While the consumer finance (CF) market propped up its contribution to the national loan book by 19.7 per cent in 2018, up 3 per cent on-year, the percentage has been perceived to be relatively low compared to the figures recorded in the period of 2013-2017, according the financial data provider FiinGroup (previously StoxPlus).
The local CF sector reported a compound annual growth rate (CAGR) of 59 per cent year-on-year (YoY) during this period. The overall growth of 2018 nevertheless cooled down to 30.4 per cent YoY. Finance companies, despite experiencing strong growth in early years, could not sustain such speed last year. The growth slumped to 15 per cent YoY compared to 38 per cent YoY in 2017.
Competition intensified as new players entered the picture. If in 2015, there were only a handful of finance companies active in the CF market, the 2018 consumer credit segment saw 16 active and licensed CF companies, not including the alternative lending and pay-day loan platforms.
MCredit had an impressive performance last year when it took over 5 per cent of market share by the second year following its launch, thanks to the strong focus on cash loans.
The company, in particular, witnessed a rocketing growth of 254 per cent. FiinGroup expects there is still room for the company’s growth judging from its loan/debt coverage at only 96 per cent. Nevertheless, the focus on only cash loans would increase risks for the company when its non-performing loan (NPL) currently belonged to the most alarming group, at 6 per cent.
Like MCredit, other aggressive players who prioritise market share growth and profitability albeit lower asset quality include FE Credit, HD Saison and Toyota Finance.
FE Credit has been the pioneer in this aggressive strategy through launching new products and investments in technology innovations.
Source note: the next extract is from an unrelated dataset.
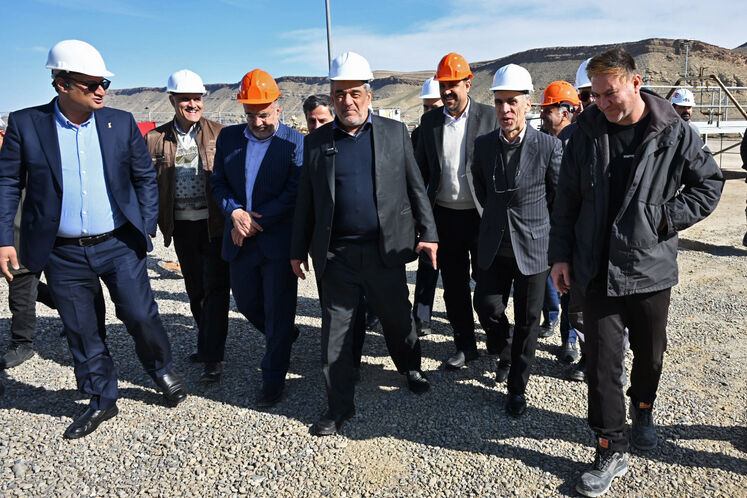 بازدید حمید بورد، مدیرعامل شرکت ملی نفت ایران از میدان گازی توس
Its considerable loan growth of 19 per cent was accompanied by the high NPL at 6 per cent. Accordingly, its provision was marked high at 65 per cent of total operating income.
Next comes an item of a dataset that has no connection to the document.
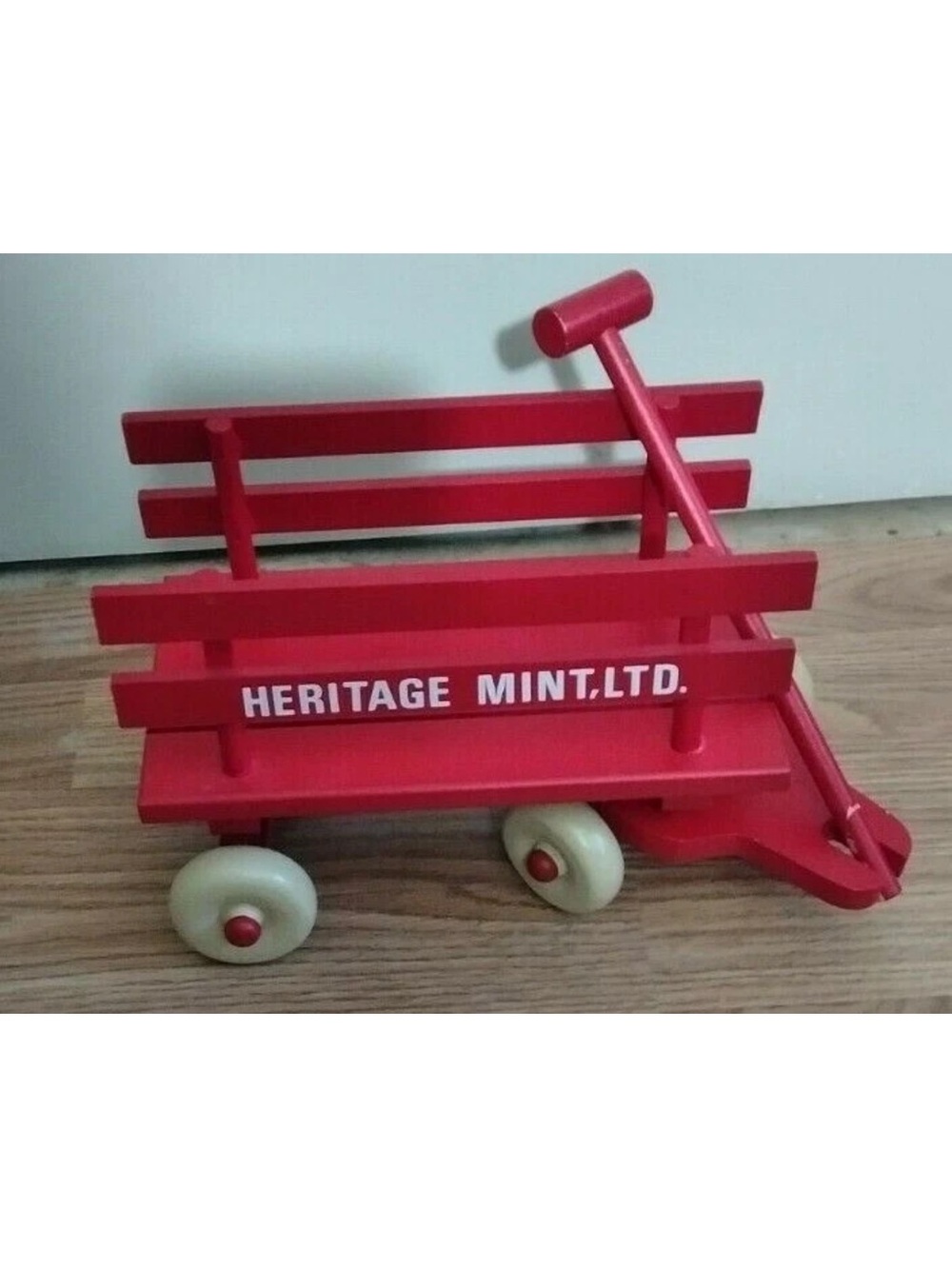 1991 Heritage Mint LTD Red Wooden Wagon Doll Collector's Furniture B5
The company, though the biggest player still, incurred a slight decrease in its market share from 48.9 per cent in 2017 to 47.3 per cent in 2018.
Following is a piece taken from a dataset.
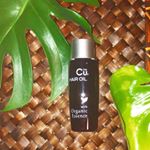 オーガニック成分を贅沢に配合した「チャップアップヘアオイル」✨潤いや、まとまりがUPすることはもちろん、ノンシリコンで髪に優しく、UVカット効果もあるから、これ一本で無敵になるよ！！💗サラっと…のInstagram画像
With the unique characteristic of a company which offers collateralised, automobile loans for Toyota cars, Toyota Finance has limited net interest margin (NIM) and profitability. Nevertheless, thanks to Vietnam’s strong demand for cars, the company recorded robust loan book growth.
In contrast to three formers, HD Saison experienced a decline in its growth due to the company’s change of direction from expanding coverage to focusing on existing customers within its ecosystem (HDBank – VietJet – HD Saison).
Financial ratios among selected finance companies -Cautious group
As opposed to the aggressive players, caution ones are those seen with relatively slower growth rate and lower NPL, yet attaining stronger asset quality and capital adequacy.
The outlier of this group is Mirae Assets, which gained a drastic growth of 79 per cent as the company started to focus on cash loans as its growth driver, while NPL still approached the average rate of 5 per cent. Nonetheless, this was not translated into higher profitability, according to FiinGroup.
Home Credit, meanwhile, continued enjoying high NIM, return on asset (ROA), return on equity (ROE) and net profit margin (NPM), with a low NPL at only 4 percent, thanks to its robust risk management and technology platform. In the near future, stronger growth is expected due to its strategic partnerships with e-wallet issuer Momo.
JACCS is another case of conservative player when the company experienced a modest credit growth due to the decreased number of new contracts and automobile loans. Being the pioneer in credit card market among finance companies, however, do not guarantee JACCS a prominent position, when the company’s more cautious approach has allowed newer entrants (FE Credit, Home Credit) with more aggressive strategies to take over credit card and other segments.
Currently under transition to the management of Shinhan Bank, Prudential Finance’s growth slowed to the lowest level of 1 per cent among the group because of no new loans recorded. This has allowed a decrease in costs, which resulted in better operational efficiency. However, FiinGroup expects the indicators to change radically once Shinhan Bank has actively participated in the company’s operating activities, which could mean new products, strong financial support, and a change in strategy.